Assignment:
Two lines in the data below mark the range: the one with "When troubleshooting the" and the one with "Looking at areas". Return both, along with every line between them, exactly.

——

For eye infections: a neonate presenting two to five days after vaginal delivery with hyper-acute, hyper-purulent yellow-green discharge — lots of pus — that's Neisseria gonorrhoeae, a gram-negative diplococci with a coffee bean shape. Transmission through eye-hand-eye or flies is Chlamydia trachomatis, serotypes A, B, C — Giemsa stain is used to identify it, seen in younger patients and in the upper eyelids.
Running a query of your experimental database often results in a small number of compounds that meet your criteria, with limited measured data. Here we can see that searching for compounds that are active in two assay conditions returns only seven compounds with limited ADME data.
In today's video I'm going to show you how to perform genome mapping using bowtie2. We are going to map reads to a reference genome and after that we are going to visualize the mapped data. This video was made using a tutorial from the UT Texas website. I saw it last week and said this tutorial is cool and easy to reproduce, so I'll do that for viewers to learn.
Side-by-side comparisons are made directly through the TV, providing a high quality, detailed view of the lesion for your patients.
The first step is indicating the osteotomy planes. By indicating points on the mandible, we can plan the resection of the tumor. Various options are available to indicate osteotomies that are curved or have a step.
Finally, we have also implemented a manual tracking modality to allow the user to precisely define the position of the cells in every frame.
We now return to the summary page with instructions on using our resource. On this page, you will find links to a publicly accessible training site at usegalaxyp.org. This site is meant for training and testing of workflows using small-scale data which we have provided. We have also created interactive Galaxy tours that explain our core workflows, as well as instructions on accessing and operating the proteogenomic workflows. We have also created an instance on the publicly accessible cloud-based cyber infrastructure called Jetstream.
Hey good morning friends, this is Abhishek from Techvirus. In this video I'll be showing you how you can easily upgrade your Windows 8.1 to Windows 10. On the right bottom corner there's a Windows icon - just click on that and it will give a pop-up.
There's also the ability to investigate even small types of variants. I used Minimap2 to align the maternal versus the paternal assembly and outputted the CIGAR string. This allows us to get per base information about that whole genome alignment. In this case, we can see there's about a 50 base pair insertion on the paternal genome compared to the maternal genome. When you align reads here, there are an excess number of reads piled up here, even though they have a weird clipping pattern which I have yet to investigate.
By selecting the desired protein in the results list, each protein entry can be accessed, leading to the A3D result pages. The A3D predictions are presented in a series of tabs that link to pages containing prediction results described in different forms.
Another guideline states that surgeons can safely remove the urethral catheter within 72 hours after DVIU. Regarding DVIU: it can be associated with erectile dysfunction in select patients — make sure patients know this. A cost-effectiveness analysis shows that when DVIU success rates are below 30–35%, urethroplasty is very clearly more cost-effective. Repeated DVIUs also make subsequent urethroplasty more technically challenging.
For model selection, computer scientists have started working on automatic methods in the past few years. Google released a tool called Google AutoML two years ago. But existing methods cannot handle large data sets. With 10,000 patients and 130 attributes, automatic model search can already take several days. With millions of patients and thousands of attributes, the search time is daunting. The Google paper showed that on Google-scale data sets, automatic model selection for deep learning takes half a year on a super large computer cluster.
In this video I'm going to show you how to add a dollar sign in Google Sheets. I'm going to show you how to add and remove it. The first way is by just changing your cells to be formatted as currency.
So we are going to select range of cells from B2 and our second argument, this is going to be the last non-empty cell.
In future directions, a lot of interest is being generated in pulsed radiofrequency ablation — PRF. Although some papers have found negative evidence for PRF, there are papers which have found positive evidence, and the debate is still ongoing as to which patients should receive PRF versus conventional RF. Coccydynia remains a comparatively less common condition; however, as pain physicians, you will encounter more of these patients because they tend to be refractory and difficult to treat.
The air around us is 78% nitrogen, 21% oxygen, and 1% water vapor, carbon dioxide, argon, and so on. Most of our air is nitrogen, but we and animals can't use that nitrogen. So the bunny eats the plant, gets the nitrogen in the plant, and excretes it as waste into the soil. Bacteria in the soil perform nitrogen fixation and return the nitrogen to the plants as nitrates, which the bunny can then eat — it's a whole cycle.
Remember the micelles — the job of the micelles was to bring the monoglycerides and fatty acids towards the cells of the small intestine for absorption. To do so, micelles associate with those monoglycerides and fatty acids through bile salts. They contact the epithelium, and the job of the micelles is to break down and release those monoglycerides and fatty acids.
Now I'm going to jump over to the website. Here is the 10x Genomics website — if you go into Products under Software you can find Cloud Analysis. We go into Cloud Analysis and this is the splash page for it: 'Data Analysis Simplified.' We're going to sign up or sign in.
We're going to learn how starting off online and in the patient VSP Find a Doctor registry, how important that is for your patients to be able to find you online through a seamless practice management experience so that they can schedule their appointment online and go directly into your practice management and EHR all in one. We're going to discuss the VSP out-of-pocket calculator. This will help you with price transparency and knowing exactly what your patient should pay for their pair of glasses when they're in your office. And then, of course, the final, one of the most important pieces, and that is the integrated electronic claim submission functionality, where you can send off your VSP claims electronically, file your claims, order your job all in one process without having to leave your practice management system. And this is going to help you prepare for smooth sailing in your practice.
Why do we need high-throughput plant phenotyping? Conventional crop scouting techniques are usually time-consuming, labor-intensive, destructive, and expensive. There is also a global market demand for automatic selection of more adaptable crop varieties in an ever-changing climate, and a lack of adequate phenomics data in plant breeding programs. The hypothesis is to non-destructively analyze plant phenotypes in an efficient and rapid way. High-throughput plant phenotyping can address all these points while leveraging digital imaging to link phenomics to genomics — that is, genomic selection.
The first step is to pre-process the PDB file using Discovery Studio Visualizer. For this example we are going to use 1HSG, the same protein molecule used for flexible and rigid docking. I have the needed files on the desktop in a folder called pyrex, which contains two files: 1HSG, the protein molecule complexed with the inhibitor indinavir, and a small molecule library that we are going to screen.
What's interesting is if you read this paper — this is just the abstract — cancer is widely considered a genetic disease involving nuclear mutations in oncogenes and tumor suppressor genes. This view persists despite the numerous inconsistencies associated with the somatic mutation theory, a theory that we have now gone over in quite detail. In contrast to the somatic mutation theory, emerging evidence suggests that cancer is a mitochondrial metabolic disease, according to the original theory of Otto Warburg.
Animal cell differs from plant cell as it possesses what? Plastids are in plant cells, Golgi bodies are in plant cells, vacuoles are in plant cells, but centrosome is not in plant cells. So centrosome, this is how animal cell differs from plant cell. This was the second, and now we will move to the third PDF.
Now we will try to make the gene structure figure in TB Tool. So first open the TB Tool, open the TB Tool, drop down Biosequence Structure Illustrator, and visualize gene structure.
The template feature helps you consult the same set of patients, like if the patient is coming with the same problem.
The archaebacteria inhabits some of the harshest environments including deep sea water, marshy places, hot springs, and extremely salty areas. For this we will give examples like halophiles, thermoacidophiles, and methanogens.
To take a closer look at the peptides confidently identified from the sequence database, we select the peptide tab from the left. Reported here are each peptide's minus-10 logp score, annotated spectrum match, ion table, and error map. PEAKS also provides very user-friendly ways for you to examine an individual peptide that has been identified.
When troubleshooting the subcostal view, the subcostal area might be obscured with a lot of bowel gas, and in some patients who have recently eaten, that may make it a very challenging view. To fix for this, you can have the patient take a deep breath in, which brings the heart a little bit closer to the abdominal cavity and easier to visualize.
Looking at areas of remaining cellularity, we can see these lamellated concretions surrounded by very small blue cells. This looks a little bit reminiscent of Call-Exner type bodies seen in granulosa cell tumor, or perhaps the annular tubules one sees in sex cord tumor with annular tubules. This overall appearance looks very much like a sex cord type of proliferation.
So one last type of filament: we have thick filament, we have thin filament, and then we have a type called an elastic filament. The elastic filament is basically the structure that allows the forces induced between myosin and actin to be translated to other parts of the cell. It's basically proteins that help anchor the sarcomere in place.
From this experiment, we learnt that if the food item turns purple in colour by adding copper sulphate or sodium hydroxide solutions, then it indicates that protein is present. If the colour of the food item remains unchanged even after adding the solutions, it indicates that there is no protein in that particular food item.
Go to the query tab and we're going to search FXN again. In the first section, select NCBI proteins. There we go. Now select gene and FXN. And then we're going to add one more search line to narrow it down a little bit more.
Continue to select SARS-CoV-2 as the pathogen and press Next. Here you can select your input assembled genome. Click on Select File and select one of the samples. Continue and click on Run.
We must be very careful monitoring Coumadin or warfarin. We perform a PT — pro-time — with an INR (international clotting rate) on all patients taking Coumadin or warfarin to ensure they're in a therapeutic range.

——

Written response:
When troubleshooting the subcostal view, the subcostal area might be obscured with a lot of bowel gas, and in some patients who have recently eaten, that may make it a very challenging view. To fix for this, you can have the patient take a deep breath in, which brings the heart a little bit closer to the abdominal cavity and easier to visualize.
Looking at areas of remaining cellularity, we can see these lamellated concretions surrounded by very small blue cells. This looks a little bit reminiscent of Call-Exner type bodies seen in granulosa cell tumor, or perhaps the annular tubules one sees in sex cord tumor with annular tubules. This overall appearance looks very much like a sex cord type of proliferation.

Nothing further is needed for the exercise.